GitHub
Sourcegraph
| Feature | Sourcegraph | |
|---|---|---|
| Pricing | Free / from $4/mo | Free / from $9/mo |
| Free Plan | ✓ Yes | ✓ Yes |
| Rating | 4.8 / 5 | 4.4 / 5 |
| Best For | developers, open-source-teams, engineering-teams, startups | engineering-teams, enterprises, open-source-maintainers, platform-engineers |
| Founded | 2008 | 2013 |
| Repositories | ✓ | ✗ |
| Pull Requests | ✓ | ✗ |
| Actions Ci Cd | ✓ | ✗ |
| Copilot | ✓ | ✗ |
| Issues | ✓ | ✗ |
| Projects | ✓ | ✗ |
| Codespaces | ✓ | ✗ |
| Code Search | ✗ | ✓ |
| Code Navigation | ✗ | ✓ |
| Batch Changes | ✗ | ✓ |
| Ai Assistant | ✗ | ✓ |
| Code Insights | ✗ | ✓ |
| Notebooks | ✗ | ✓ |
✓ GitHub Pros
- Industry standard for open-source
- GitHub Actions CI/CD included free
- Copilot AI integration
- Massive developer community
✗ GitHub Cons
- Free private repos limited on some features
- Actions minutes limited on free tier
- Can be complex for non-developers
✓ Sourcegraph Pros
- Search across all repositories
- Excellent code navigation
- Batch Changes for mass refactoring
- Cody AI assistant
✗ Sourcegraph Cons
- Complex self-hosted setup
- Expensive for enterprise
- Learning curve for advanced features
The Verdict
GitHub is built for developers and open source teams, with a focus on repositories and pull-requests. Sourcegraph targets engineering teams and enterprises and leads with code-search and code-navigation.

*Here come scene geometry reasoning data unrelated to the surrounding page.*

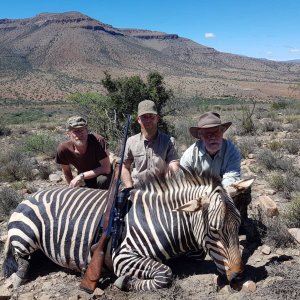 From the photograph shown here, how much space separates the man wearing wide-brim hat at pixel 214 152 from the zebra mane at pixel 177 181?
0.47 m

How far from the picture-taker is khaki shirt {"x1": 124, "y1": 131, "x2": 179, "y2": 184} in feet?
16.4

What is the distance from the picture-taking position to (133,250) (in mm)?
3650

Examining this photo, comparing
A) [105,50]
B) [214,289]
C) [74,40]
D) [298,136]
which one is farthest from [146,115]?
[74,40]

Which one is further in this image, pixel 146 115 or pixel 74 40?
pixel 74 40

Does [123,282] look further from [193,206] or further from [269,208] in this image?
[269,208]

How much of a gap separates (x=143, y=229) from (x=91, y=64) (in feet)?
361

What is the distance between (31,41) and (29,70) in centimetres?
4534

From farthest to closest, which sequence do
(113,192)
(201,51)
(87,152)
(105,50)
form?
(201,51) < (105,50) < (87,152) < (113,192)

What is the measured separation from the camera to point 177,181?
371 cm

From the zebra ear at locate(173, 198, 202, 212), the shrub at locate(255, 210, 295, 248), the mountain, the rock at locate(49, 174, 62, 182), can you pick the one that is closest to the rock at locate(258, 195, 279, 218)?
the shrub at locate(255, 210, 295, 248)

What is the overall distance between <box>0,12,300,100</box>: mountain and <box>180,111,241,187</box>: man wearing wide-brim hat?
3876 centimetres

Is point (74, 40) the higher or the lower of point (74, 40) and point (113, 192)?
the higher

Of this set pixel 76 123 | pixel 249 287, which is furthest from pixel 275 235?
pixel 76 123

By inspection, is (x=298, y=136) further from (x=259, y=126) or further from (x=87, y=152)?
(x=87, y=152) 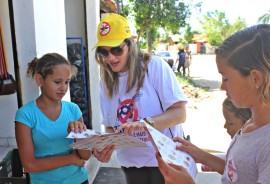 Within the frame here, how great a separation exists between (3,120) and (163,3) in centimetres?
1411

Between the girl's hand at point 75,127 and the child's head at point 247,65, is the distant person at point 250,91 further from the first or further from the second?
the girl's hand at point 75,127

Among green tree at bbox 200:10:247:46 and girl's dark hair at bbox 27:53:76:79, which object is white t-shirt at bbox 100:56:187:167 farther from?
green tree at bbox 200:10:247:46

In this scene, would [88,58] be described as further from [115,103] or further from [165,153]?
[165,153]

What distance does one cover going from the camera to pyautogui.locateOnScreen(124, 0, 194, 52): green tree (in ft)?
53.4

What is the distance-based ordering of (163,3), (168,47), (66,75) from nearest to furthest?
(66,75) < (163,3) < (168,47)

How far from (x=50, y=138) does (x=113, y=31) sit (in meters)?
0.80

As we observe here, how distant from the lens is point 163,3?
16.6 meters

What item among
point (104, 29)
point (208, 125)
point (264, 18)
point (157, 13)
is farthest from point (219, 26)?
point (104, 29)

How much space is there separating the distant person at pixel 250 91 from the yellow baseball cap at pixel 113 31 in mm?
892

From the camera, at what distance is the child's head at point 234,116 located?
1677 millimetres

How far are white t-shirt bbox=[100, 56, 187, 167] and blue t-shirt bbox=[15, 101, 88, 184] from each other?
0.34m

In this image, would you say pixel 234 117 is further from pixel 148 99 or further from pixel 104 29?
pixel 104 29

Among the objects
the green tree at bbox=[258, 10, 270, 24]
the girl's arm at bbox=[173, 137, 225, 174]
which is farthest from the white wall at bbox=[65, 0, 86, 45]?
the green tree at bbox=[258, 10, 270, 24]

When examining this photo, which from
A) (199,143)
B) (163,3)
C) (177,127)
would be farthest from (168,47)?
(177,127) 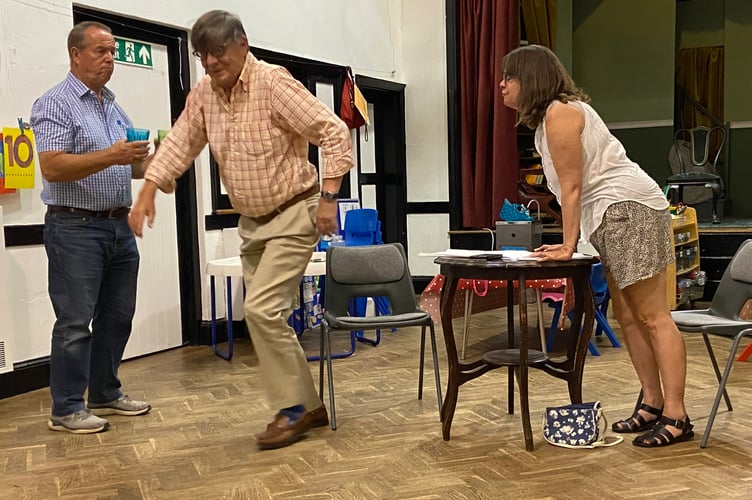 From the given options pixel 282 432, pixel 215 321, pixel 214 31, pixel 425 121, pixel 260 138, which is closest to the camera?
pixel 214 31

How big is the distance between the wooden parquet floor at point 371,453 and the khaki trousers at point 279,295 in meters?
0.26

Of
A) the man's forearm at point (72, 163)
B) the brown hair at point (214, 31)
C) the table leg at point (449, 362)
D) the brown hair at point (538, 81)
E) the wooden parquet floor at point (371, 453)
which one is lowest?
the wooden parquet floor at point (371, 453)

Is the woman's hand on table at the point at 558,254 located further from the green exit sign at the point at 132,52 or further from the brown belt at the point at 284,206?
the green exit sign at the point at 132,52

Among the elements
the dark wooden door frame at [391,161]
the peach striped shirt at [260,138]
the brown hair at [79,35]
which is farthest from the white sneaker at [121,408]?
the dark wooden door frame at [391,161]

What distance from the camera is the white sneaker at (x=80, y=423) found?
136 inches

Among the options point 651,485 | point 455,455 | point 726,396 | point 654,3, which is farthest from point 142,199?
point 654,3

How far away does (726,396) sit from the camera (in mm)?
3506

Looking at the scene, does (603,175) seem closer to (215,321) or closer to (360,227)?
(360,227)

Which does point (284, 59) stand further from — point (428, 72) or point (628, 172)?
point (628, 172)

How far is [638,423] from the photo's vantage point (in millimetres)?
3223

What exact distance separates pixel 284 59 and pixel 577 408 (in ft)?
13.2

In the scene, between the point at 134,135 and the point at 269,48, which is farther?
the point at 269,48

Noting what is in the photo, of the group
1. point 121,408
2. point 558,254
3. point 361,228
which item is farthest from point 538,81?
point 361,228

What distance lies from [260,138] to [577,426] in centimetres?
161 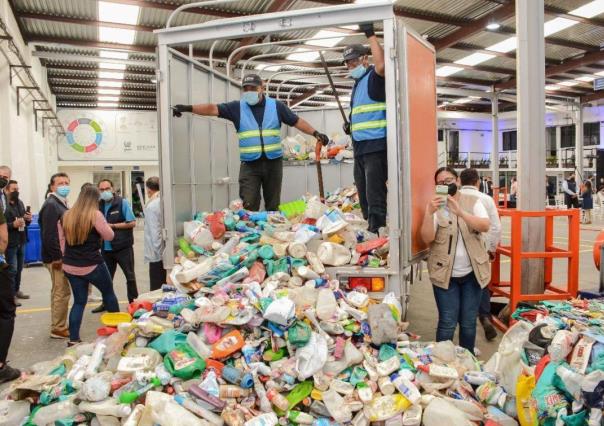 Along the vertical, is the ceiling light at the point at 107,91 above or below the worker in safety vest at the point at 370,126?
above

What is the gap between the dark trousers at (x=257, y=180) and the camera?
4.71 meters

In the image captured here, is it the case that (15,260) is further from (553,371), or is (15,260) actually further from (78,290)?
(553,371)

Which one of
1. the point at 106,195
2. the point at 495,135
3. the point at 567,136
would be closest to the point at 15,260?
the point at 106,195

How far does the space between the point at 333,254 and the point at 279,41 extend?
6.13m

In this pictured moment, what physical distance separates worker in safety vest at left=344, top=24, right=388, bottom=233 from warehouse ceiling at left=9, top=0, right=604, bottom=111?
8.19ft

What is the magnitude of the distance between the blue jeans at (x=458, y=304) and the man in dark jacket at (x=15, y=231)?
493 centimetres

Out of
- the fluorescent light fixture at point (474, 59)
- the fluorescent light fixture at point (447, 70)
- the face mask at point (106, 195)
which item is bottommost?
the face mask at point (106, 195)

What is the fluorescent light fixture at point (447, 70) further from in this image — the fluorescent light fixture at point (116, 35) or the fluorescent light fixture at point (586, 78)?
the fluorescent light fixture at point (116, 35)

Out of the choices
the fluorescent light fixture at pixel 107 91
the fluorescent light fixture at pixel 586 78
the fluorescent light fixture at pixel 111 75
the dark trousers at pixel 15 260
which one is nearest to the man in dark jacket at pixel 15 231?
the dark trousers at pixel 15 260

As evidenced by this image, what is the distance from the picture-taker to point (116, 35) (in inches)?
436

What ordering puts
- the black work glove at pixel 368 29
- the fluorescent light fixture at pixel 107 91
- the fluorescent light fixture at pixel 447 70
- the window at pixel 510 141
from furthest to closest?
the window at pixel 510 141 → the fluorescent light fixture at pixel 107 91 → the fluorescent light fixture at pixel 447 70 → the black work glove at pixel 368 29

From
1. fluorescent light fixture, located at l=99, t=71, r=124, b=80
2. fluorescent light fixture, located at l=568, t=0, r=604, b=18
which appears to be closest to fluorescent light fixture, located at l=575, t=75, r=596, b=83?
fluorescent light fixture, located at l=568, t=0, r=604, b=18

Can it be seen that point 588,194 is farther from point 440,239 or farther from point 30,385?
point 30,385

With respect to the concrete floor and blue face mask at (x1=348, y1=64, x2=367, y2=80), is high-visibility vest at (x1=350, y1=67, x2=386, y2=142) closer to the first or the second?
blue face mask at (x1=348, y1=64, x2=367, y2=80) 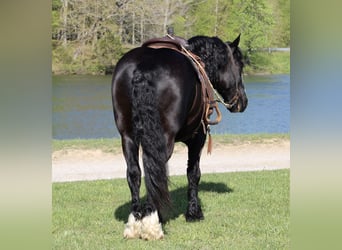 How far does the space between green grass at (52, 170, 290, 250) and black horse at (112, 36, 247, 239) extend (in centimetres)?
33

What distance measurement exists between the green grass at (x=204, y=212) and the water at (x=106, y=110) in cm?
572

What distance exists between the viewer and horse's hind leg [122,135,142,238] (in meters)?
4.04

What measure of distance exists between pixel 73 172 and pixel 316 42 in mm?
7280

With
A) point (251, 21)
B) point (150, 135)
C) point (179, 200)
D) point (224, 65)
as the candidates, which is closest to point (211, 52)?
point (224, 65)

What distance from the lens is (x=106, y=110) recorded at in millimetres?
15289

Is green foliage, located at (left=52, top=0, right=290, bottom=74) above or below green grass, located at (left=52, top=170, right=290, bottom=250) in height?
above

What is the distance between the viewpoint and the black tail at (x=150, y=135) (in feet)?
12.3

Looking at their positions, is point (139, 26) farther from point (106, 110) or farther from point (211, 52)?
point (211, 52)

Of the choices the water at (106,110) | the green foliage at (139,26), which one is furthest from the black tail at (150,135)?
the green foliage at (139,26)

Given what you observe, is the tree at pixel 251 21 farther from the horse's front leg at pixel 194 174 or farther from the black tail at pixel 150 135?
the black tail at pixel 150 135

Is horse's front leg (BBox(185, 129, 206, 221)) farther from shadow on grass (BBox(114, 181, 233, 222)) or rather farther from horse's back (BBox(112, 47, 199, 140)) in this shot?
horse's back (BBox(112, 47, 199, 140))

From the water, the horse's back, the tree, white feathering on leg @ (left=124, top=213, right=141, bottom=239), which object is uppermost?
the tree

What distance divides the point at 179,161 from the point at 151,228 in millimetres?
4878

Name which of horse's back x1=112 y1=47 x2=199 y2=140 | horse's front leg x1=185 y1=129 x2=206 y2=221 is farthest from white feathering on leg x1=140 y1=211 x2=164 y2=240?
horse's front leg x1=185 y1=129 x2=206 y2=221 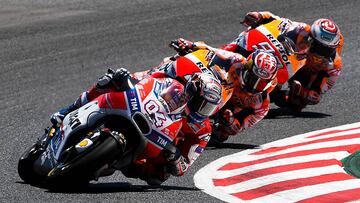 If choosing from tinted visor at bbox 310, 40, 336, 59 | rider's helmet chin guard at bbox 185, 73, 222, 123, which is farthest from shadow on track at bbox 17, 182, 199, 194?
tinted visor at bbox 310, 40, 336, 59

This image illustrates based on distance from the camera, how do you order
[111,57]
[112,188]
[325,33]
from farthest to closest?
[111,57] < [325,33] < [112,188]

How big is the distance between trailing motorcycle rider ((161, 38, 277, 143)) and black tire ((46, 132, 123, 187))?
9.16 feet

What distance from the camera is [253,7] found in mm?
21859

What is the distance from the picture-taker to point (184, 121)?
36.9 feet

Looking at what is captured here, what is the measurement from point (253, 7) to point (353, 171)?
10730 millimetres

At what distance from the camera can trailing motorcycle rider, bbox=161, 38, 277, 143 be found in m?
12.8

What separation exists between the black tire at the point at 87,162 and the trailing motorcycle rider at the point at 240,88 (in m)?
2.79

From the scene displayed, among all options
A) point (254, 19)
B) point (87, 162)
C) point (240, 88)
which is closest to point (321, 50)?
point (254, 19)

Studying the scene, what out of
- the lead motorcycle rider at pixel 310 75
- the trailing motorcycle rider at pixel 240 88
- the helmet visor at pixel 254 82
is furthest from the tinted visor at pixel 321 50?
the helmet visor at pixel 254 82

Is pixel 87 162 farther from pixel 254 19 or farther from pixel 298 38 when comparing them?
pixel 254 19

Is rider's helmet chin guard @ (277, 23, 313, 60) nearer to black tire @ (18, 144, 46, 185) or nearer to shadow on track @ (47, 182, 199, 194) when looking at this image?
shadow on track @ (47, 182, 199, 194)

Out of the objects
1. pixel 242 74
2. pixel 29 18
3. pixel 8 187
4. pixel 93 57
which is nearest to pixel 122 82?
pixel 8 187

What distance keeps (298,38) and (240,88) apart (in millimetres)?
1751

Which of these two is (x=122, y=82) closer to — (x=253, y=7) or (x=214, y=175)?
(x=214, y=175)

On pricing, GitHub is the clear winner for budget-conscious users — starting at $4/mo compared to $9/mo for Sourcegraph. That $5/mo difference adds up quickly for growing teams.
Both offer free plans, so you can test each with your real workflow before committing to a subscription.
GitHub edges out on user ratings (4.8 vs 4.4). While both are well-regarded, that gap reflects real differences in user satisfaction worth considering.
Feature-wise, GitHub offers broader built-in capabilities (7 features vs 6), while Sourcegraph takes a more focused approach — which can mean a simpler, faster onboarding experience.
Both tools are a solid fit for engineering teams — in those cases, the decision often comes down to workflow style and how your team prefers to organize work.
Bottom line: GitHub has a slight overall edge — but if search across all repositories matters most to you, Sourcegraph may still be the right call.